- The Globe and Mail has compiled a list of the 100 most livable municipalities in Canada. Winnipeg came third, just after Victoria and North Vancouver; the only other Manitoba entries are Brandon at #22 and East St. Paul at #69. Other highlights: Calgary is #8, Vancouver is #14, Ottawa #24, Hamilton #39, Waterloo #56, Gatineau #58, Toronto #64, and Surrey #66. I have to question their methodology, though, based on the fact that Montreal didn't make the top 100 at all, although Westmount came in at #16. And the only cities in Atlantic Canada that made the list are Fredericton at #43 and Dieppe at #60; at this rate I'll have to stop making fun of New Brunswick.
- It seems that Joe Biden's biggest asset in terms of his reelection chances is Donald Trump. Fortunately for sanity, Trump remains well in the lead for the GOP nomination, though it would be wise to keep an eye on former South Carolina governor Nikki Haley, as she is campaigning hard.
- The Manitoba government is having a go at the low-hanging fruit on the healthcare front by addressing the slower than necessary discharge rate from hospitals. Hopefully this is a first of many steps on the long road from "totally awful" to "not too bad".
- Winnipeg Transit employees have rejected a proposed settlement offer. No strike yet, but they will be refusing voluntary overtime.

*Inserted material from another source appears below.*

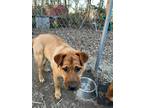 Adopt Love a Red/Golden/Orange/Chestnut Hound (Unknown Type) / Mixed Breed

- The City of Winnipeg is taking a tentative step towards partially reversing the privatization of garbage collection services; under a proposal approved by council's water and waste committee, collection in the downtown as well as the North End and the greater West End would be taken in-house.
- Seventeen more hostages (14 Israelis and 3 foreign nationals) have been released by Hamas. Sadly, the US seems unwilling to keep a serious leash on their top strategic asset in the Middle East; Biden wants to make it easier for Israel to get American weapons without congressional oversight.
- In the US, three university students of Palestinian descent were shot and wounded en route to a family dinner; what is shocking is that this happened not in Texas or Oklahoma but in normally peaceful Vermont.
- Virgin Atlantic will be testing the ability to fly a Boeing 787 from London to New York powered entirely by fuel made from used cooking oil. While this is impressive, we shouldn't kid ourselves into thinking it will be possible to switch over to this fuel and keep the world's current commercial fleet at its current size. This is one of the hard truths that a lot of otherwise progressive people turn their eyes away from - if we want to limit the scale of the coming climate change mess, we just can't keep flying as often as we do now. Progressives, naturally, don't like the idea that we have to narrow our horizons, but we have to.